-- Data to use --
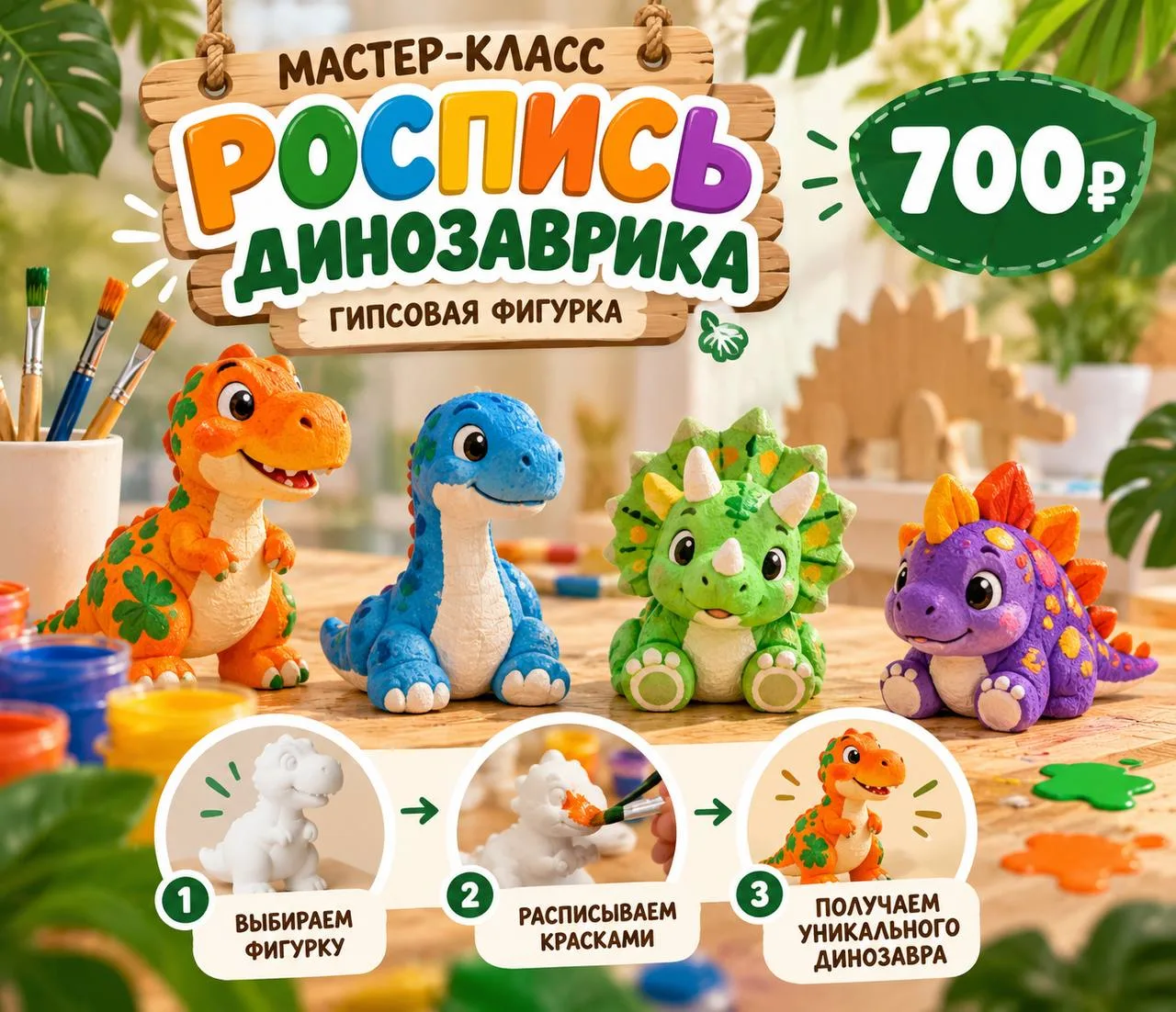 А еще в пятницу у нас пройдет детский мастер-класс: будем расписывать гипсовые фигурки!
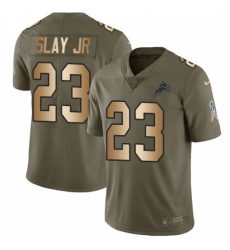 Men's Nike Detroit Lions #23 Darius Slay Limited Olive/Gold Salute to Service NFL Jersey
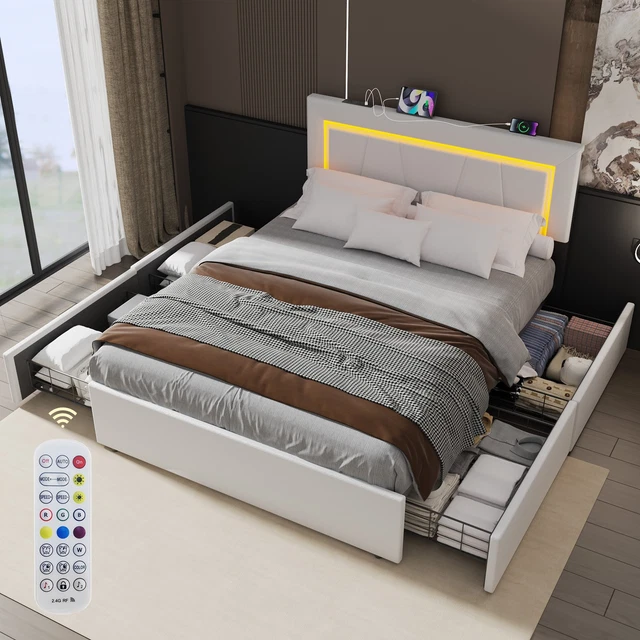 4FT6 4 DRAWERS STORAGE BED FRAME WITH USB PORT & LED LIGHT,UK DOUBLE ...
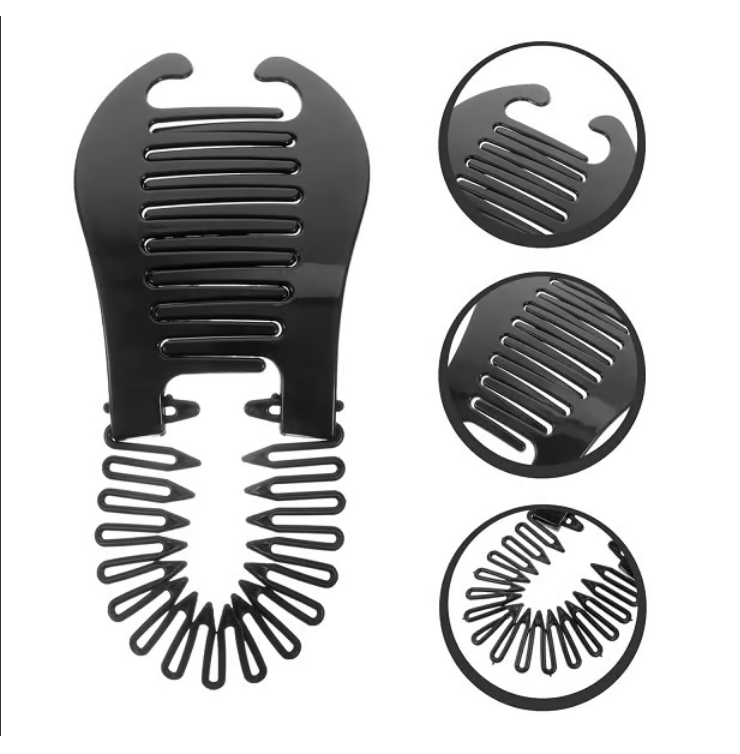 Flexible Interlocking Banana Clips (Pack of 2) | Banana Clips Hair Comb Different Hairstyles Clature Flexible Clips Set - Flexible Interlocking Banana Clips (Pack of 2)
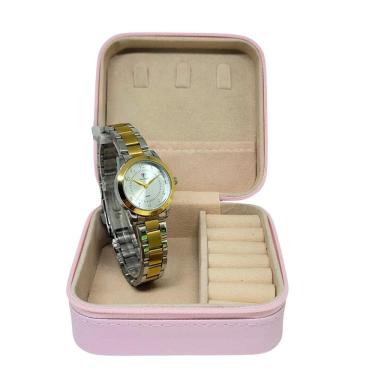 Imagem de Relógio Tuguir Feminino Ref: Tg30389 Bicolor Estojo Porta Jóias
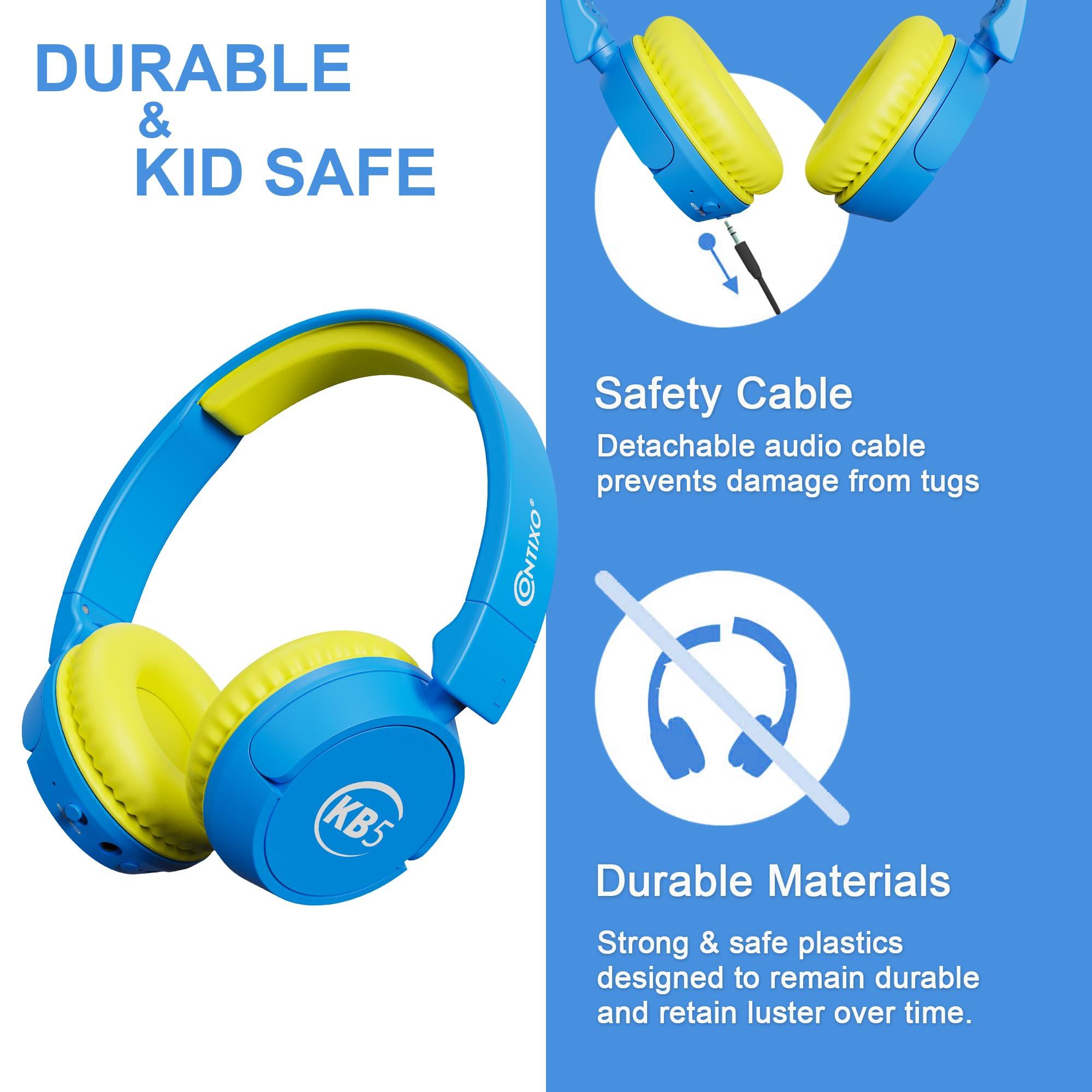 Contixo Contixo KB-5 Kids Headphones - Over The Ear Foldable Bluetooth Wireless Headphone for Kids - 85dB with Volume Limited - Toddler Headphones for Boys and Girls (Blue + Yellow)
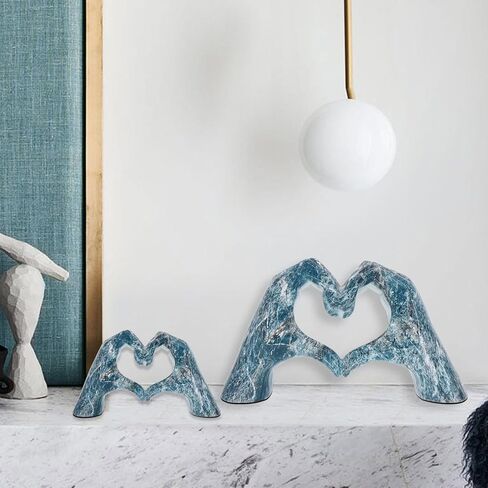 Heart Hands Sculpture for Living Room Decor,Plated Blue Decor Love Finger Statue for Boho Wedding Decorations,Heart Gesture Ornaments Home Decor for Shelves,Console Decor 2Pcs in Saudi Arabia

-- Task directions --
Although the records hold pictures, the copy must not; give again exactly the lines from the one with "4FT6 4 DRAWERS" through the one with "Imagem de Relógio".

-- Expected answer --
 4FT6 4 DRAWERS STORAGE BED FRAME WITH USB PORT & LED LIGHT,UK DOUBLE ...
 Flexible Interlocking Banana Clips (Pack of 2) | Banana Clips Hair Comb Different Hairstyles Clature Flexible Clips Set - Flexible Interlocking Banana Clips (Pack of 2)
 Imagem de Relógio Tuguir Feminino Ref: Tg30389 Bicolor Estojo Porta Jóias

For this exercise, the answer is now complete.